The ERC starting grant EBDD has made fundamental contributions to our ability to develop therapeutics by exploiting the dynamics of protein-ligand interactions. The function of biomolecules such as proteins often depends on their ability to adopt different shapes in response to various stimuli. Drug designers often seek to develop new therapeutics by searching for man-made molecules (ligands) that may effectively and selectively recognise a given protein shape. However it is challenging to use current experimental methodologies to determine with high resolution the range of distinct shapes a protein may adopt. Thus drug designers often have to base their design on limited experimental information about the intended drug target.

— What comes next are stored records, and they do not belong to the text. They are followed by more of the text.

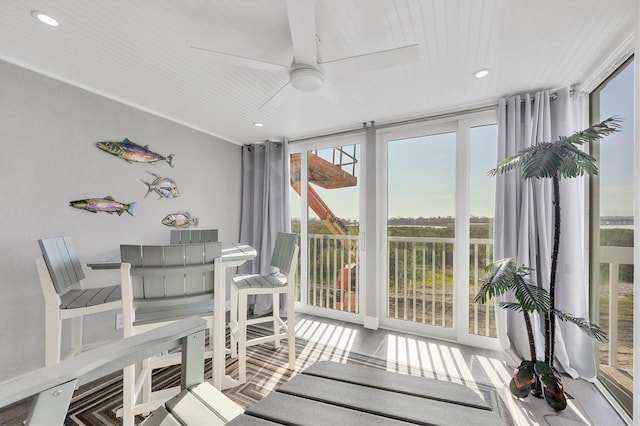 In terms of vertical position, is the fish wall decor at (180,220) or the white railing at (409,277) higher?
the fish wall decor at (180,220)

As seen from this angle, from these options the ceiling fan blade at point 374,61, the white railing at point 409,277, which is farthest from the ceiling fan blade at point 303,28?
the white railing at point 409,277

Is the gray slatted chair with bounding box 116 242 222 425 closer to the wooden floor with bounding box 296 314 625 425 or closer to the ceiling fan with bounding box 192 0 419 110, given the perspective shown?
the ceiling fan with bounding box 192 0 419 110

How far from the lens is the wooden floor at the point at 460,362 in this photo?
1.79 m

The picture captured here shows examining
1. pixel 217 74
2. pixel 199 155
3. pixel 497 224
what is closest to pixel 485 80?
pixel 497 224

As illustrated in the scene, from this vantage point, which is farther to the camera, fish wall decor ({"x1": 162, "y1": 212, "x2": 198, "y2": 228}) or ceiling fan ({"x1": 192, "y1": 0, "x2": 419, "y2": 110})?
fish wall decor ({"x1": 162, "y1": 212, "x2": 198, "y2": 228})

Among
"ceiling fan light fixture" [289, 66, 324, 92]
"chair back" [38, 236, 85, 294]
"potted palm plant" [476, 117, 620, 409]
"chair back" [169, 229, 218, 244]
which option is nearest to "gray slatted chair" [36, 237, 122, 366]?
"chair back" [38, 236, 85, 294]

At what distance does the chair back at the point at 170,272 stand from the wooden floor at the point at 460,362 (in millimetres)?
1536

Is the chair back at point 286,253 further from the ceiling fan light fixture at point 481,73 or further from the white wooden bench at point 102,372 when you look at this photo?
the ceiling fan light fixture at point 481,73

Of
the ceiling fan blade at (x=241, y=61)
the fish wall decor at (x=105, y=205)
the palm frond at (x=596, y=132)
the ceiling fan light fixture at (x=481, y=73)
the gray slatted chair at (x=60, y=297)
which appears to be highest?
the ceiling fan light fixture at (x=481, y=73)

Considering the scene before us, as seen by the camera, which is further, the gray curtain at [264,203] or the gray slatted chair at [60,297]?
the gray curtain at [264,203]

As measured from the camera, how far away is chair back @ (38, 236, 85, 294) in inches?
65.8

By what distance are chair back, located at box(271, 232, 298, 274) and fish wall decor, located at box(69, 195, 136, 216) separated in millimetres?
1474

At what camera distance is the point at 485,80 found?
2.23 metres

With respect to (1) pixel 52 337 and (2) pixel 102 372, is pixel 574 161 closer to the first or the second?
(2) pixel 102 372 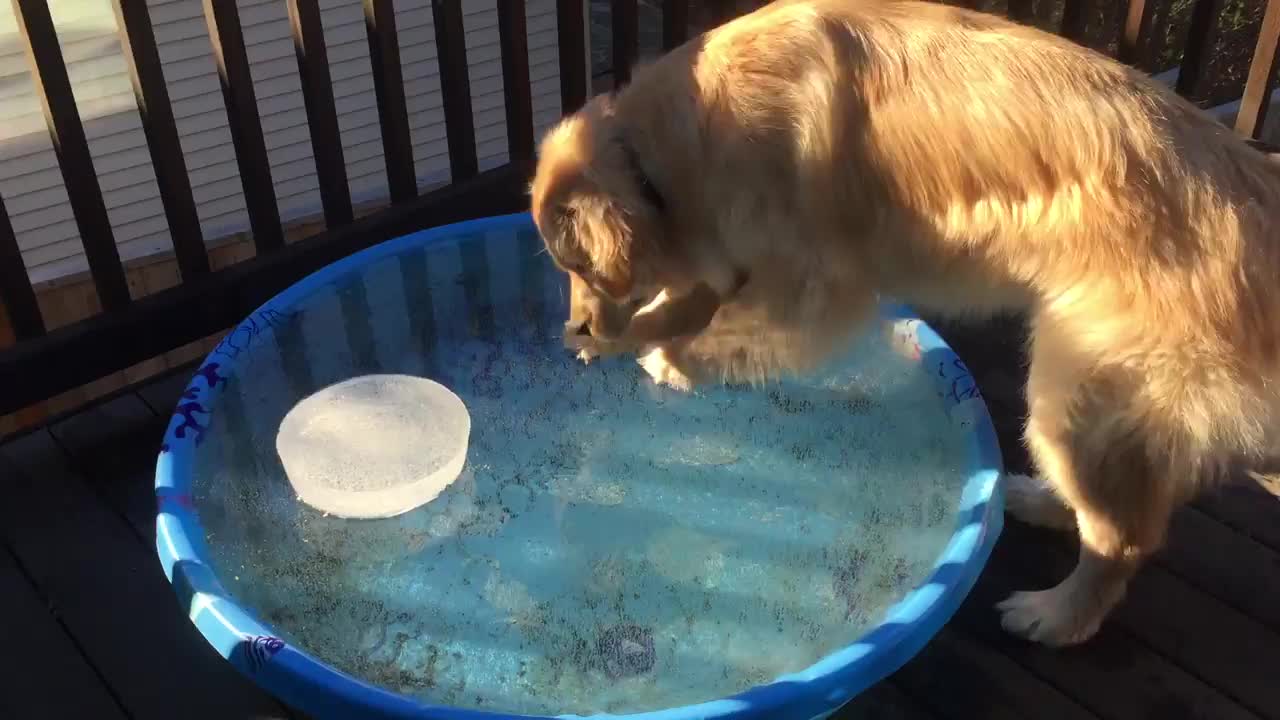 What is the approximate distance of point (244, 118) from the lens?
10.2 feet

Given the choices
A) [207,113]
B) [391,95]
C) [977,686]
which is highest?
[391,95]

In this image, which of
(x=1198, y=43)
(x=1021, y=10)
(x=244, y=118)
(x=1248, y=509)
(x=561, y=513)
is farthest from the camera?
(x=1021, y=10)

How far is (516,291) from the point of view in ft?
10.8

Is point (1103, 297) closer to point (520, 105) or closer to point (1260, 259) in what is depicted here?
point (1260, 259)

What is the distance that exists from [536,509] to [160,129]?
4.95 feet

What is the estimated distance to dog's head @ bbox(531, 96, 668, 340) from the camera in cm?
223

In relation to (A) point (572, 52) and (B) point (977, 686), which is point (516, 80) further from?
(B) point (977, 686)

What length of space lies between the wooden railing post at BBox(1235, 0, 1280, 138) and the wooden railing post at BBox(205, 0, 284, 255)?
10.8ft

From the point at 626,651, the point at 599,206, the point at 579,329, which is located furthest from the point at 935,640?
the point at 599,206

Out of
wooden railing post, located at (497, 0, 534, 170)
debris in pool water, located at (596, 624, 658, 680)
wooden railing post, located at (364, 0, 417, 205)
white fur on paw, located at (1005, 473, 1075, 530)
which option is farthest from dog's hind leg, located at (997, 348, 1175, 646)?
wooden railing post, located at (364, 0, 417, 205)

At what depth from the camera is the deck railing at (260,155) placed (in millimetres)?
2910

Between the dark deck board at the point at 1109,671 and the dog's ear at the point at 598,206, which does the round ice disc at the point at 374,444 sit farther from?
the dark deck board at the point at 1109,671

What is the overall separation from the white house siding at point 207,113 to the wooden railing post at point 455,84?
238 cm

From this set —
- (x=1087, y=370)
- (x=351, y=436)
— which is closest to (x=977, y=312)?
(x=1087, y=370) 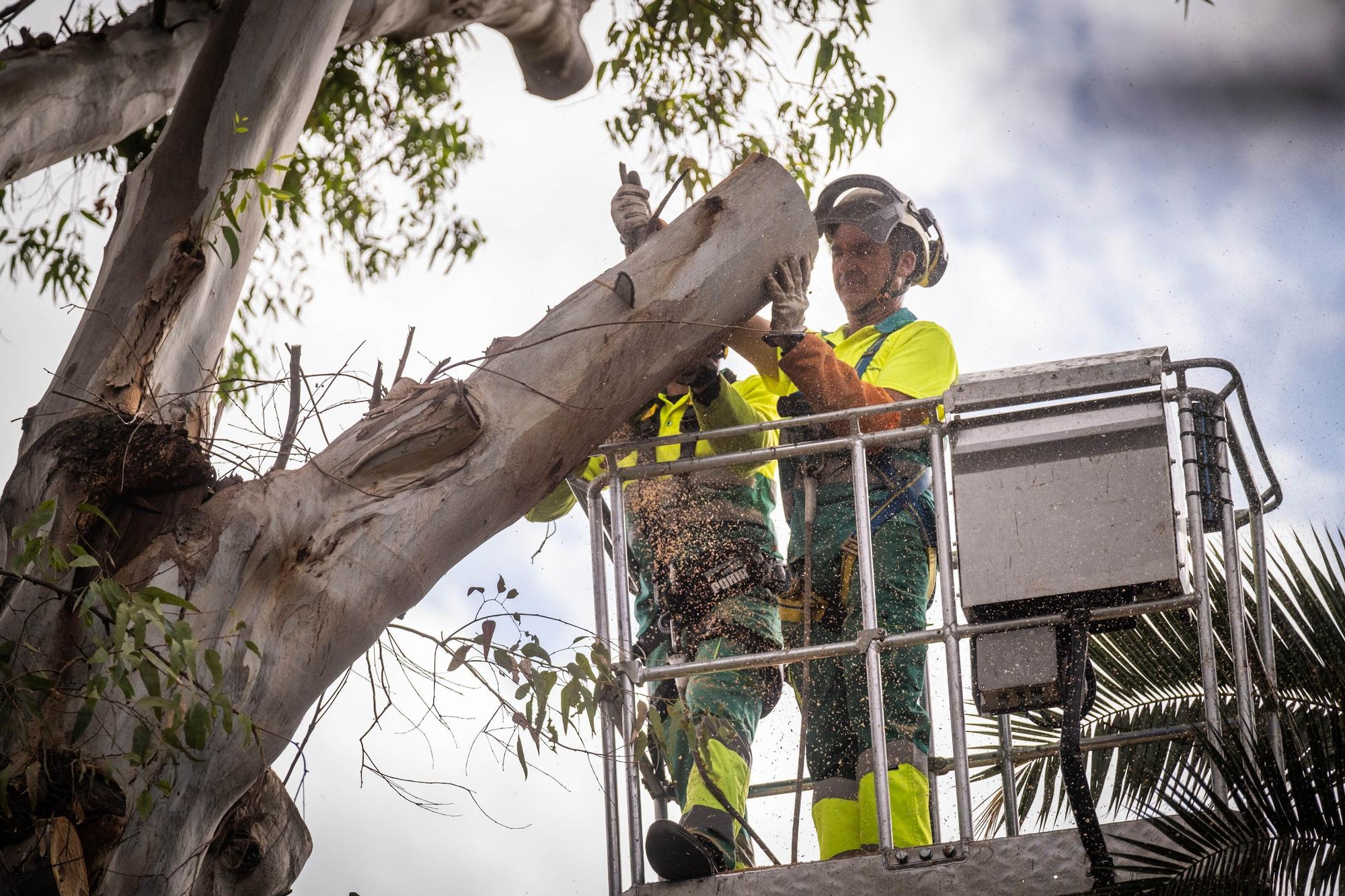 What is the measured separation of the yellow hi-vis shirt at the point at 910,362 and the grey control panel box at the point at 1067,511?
3.29 ft

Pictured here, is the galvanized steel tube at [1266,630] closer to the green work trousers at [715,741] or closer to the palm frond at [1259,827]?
the palm frond at [1259,827]

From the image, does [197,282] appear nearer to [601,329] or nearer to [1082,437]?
[601,329]

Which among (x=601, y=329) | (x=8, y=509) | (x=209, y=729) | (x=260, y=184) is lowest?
(x=209, y=729)

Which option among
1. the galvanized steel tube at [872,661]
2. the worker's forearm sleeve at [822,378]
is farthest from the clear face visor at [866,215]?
the galvanized steel tube at [872,661]

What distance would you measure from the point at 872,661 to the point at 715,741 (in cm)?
70

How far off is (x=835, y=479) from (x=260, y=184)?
6.70ft

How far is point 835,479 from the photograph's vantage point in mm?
5215

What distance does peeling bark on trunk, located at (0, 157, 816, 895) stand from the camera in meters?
3.50

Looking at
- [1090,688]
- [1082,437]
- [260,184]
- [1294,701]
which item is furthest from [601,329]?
[1294,701]

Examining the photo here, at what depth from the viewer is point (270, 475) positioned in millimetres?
3912

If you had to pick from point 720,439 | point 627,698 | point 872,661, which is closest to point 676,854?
point 627,698

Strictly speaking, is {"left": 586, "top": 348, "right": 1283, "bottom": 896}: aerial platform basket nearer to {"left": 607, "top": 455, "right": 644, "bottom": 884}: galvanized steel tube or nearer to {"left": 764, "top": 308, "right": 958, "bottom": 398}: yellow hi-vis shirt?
{"left": 607, "top": 455, "right": 644, "bottom": 884}: galvanized steel tube

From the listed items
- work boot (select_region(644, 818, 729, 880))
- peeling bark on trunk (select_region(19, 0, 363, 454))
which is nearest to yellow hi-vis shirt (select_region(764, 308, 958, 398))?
work boot (select_region(644, 818, 729, 880))

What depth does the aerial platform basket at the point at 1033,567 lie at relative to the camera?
13.4 feet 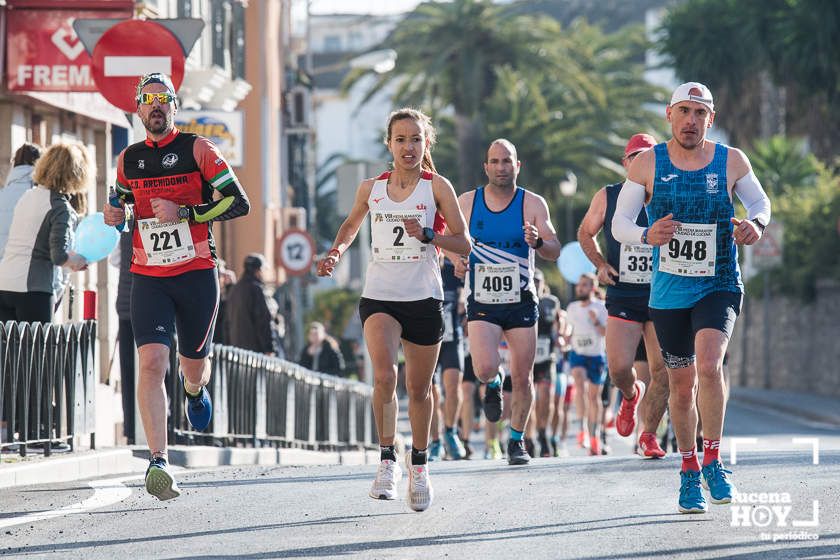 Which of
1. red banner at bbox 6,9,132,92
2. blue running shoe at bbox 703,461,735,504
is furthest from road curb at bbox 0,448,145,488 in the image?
red banner at bbox 6,9,132,92

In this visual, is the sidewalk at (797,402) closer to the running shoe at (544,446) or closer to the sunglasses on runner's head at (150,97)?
the running shoe at (544,446)

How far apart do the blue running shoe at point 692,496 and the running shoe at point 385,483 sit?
1428 millimetres

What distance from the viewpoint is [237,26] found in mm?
36375

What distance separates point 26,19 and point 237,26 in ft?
60.9

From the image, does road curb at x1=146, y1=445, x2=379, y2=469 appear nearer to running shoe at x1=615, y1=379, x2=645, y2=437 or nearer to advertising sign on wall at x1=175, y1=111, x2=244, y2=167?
running shoe at x1=615, y1=379, x2=645, y2=437

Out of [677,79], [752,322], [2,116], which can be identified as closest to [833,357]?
[752,322]

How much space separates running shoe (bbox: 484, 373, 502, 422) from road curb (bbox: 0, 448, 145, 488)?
2405 millimetres

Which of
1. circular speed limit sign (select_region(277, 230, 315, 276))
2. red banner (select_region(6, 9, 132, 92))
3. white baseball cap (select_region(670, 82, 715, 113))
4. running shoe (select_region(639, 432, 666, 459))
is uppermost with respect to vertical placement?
red banner (select_region(6, 9, 132, 92))

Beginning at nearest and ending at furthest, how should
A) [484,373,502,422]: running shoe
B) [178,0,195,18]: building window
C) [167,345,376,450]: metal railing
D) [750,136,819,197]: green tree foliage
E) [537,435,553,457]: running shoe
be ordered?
1. [484,373,502,422]: running shoe
2. [167,345,376,450]: metal railing
3. [537,435,553,457]: running shoe
4. [178,0,195,18]: building window
5. [750,136,819,197]: green tree foliage

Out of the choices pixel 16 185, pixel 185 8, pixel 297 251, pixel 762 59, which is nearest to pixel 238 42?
pixel 297 251

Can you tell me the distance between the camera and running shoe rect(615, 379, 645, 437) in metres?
12.9

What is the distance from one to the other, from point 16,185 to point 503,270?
131 inches

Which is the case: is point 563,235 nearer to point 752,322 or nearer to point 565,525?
point 752,322

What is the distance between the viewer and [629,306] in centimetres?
Result: 1213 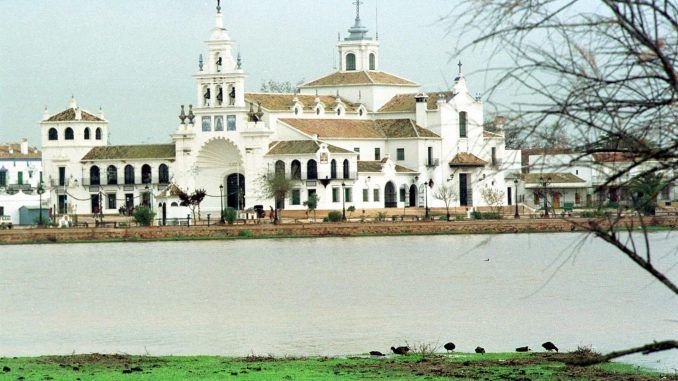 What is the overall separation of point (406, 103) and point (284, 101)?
26.2 ft

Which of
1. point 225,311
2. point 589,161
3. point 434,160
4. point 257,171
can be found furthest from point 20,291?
point 434,160

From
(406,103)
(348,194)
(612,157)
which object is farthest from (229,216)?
(612,157)

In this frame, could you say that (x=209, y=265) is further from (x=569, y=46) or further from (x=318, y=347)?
(x=569, y=46)

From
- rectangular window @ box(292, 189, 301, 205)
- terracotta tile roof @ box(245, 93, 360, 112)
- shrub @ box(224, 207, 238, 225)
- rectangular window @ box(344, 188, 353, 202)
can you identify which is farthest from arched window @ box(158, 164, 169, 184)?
shrub @ box(224, 207, 238, 225)

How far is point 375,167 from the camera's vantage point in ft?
287

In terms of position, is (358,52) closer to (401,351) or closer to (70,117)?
(70,117)

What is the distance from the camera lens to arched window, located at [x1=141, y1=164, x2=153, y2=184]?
297ft

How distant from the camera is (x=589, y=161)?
991cm

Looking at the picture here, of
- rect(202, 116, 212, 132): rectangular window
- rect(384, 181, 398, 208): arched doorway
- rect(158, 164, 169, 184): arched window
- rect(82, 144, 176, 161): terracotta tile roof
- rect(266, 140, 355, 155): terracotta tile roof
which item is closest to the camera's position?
rect(266, 140, 355, 155): terracotta tile roof

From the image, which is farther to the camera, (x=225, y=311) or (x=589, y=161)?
(x=225, y=311)

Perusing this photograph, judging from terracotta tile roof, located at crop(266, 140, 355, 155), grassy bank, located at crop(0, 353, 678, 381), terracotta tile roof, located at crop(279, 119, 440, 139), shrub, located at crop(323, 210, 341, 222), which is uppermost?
terracotta tile roof, located at crop(279, 119, 440, 139)

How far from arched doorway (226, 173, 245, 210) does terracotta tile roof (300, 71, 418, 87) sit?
39.3 ft

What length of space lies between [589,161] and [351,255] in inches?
1972

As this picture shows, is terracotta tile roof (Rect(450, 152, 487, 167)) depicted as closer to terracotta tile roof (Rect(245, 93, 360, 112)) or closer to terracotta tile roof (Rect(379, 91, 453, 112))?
terracotta tile roof (Rect(379, 91, 453, 112)) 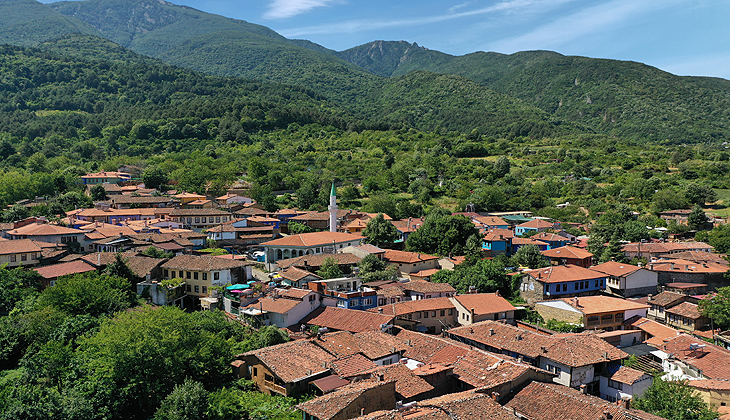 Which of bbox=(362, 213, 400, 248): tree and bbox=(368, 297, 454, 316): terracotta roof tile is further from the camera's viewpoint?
bbox=(362, 213, 400, 248): tree

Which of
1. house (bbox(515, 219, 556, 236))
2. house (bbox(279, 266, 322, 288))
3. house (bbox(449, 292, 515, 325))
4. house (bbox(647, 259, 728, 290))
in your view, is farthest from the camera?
house (bbox(515, 219, 556, 236))

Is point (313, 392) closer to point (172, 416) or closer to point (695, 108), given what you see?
point (172, 416)

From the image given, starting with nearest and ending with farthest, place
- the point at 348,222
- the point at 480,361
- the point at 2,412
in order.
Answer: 1. the point at 2,412
2. the point at 480,361
3. the point at 348,222

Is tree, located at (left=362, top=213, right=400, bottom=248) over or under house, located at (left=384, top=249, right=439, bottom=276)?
over

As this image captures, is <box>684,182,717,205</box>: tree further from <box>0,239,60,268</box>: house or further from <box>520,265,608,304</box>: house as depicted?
<box>0,239,60,268</box>: house

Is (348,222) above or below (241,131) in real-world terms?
below

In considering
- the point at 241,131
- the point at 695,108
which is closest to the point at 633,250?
the point at 241,131

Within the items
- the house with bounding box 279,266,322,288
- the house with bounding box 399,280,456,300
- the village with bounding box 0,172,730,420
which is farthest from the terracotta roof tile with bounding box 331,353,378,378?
the house with bounding box 399,280,456,300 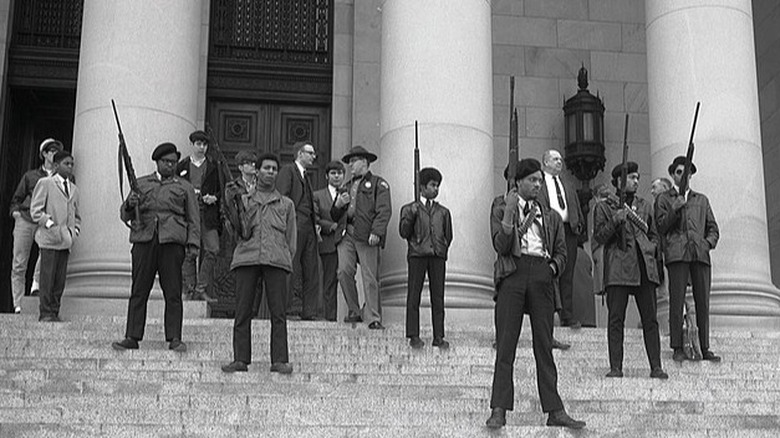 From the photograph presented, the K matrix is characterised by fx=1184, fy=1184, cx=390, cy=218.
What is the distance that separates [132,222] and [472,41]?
589cm

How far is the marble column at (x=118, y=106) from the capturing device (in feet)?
50.5

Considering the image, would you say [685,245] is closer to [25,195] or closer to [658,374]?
[658,374]

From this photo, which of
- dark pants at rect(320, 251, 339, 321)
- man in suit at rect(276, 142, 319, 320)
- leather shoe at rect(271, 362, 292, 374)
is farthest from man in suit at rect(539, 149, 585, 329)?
leather shoe at rect(271, 362, 292, 374)

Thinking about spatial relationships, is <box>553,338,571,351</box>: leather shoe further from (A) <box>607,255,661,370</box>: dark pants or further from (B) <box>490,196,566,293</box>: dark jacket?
(B) <box>490,196,566,293</box>: dark jacket

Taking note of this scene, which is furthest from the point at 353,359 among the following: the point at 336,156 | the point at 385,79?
the point at 336,156

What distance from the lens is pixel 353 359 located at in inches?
489

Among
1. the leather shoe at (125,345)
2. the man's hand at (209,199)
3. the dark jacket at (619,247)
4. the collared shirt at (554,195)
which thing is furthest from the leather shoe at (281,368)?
the collared shirt at (554,195)

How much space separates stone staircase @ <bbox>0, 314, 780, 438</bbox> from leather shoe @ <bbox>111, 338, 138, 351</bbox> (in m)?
0.08

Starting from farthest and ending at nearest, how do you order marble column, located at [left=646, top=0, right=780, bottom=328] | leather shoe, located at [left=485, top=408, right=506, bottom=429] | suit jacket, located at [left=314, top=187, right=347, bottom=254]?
marble column, located at [left=646, top=0, right=780, bottom=328], suit jacket, located at [left=314, top=187, right=347, bottom=254], leather shoe, located at [left=485, top=408, right=506, bottom=429]

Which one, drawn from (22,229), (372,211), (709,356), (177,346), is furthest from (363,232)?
(22,229)

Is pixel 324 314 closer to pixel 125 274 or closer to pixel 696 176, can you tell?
pixel 125 274

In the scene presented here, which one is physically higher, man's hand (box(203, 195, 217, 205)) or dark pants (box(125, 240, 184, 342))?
man's hand (box(203, 195, 217, 205))

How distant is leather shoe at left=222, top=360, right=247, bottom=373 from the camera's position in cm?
1154

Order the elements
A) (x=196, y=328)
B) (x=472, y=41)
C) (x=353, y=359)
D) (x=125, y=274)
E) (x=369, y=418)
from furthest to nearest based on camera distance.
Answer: (x=472, y=41), (x=125, y=274), (x=196, y=328), (x=353, y=359), (x=369, y=418) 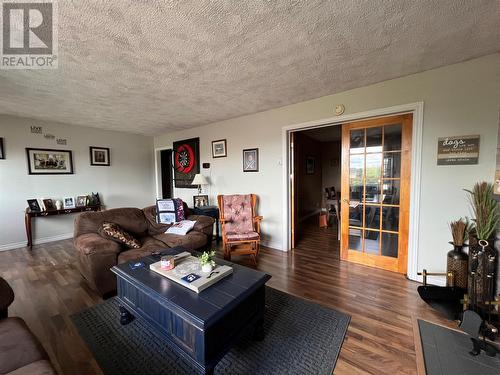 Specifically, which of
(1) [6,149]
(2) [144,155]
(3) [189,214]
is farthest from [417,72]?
(1) [6,149]

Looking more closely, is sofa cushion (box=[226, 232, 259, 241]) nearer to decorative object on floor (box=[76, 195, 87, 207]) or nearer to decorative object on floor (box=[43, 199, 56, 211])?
decorative object on floor (box=[76, 195, 87, 207])

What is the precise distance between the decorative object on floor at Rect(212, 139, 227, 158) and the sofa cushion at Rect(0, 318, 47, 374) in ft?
11.4

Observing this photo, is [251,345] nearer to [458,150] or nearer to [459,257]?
[459,257]

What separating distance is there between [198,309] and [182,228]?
1920 millimetres

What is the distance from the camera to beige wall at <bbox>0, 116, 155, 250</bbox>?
12.4 feet

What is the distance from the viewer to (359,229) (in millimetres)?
3012

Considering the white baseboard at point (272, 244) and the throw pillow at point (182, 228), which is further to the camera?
the white baseboard at point (272, 244)

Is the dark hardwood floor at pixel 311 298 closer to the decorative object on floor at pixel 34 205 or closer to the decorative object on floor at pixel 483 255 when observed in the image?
the decorative object on floor at pixel 483 255

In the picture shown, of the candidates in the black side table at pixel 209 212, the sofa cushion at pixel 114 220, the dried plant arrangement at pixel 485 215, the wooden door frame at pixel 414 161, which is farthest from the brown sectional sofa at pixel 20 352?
the wooden door frame at pixel 414 161

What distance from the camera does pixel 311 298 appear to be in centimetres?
223

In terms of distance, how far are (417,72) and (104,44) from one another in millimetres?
3051

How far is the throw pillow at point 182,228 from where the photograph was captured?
306cm

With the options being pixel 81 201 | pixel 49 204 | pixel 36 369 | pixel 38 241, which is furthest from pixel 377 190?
pixel 38 241

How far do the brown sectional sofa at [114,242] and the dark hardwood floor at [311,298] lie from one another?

Our work has led to the development and validation of a range of computer simulation methodologies to compute the different shapes a protein or a protein-ligand complex may adopt. We have further demonstrated how the computational methodologies we developed may be integrated with biophysical methods to drive the design and interpretation of experiments designed to characterise protein shapes that are otherwise invisible to conventional methodologies. This body of work on computation and experiments has already been described across more than fifteen publications, with several additional under draft and peer-review stage at the time of writing of this report. A specific highlight includes the discovery of a novel family of sub-type selective cyclophilin ligands by combination of molecular simulations with biophysical assays and biochemical structure determination. These compounds are currently being further explored as possible therapeutics for the treatment of cancers, neurodegenerative disorders and fibrotic diseases. Another highlight is the development of a novel methodology that combines molecular dynamics simulations with NMR measurements and site-directed mutagenesis experiments to characterise in atomic details shapes the enzyme cyclophilin A transiently adopts. This novel structural information will influence the course of cyclophilin drug discovery programs.

In summary, EBDD basic research activities in protein-ligand dynamics have led to the development of a computational drug discovery platform; and its validation by identification of novel bioactive small molecules. The results of this research are currently being further developed into software and tool molecules suitable for industrial drug discovery processes via collaborations with a range of software and pharmaceutical companies.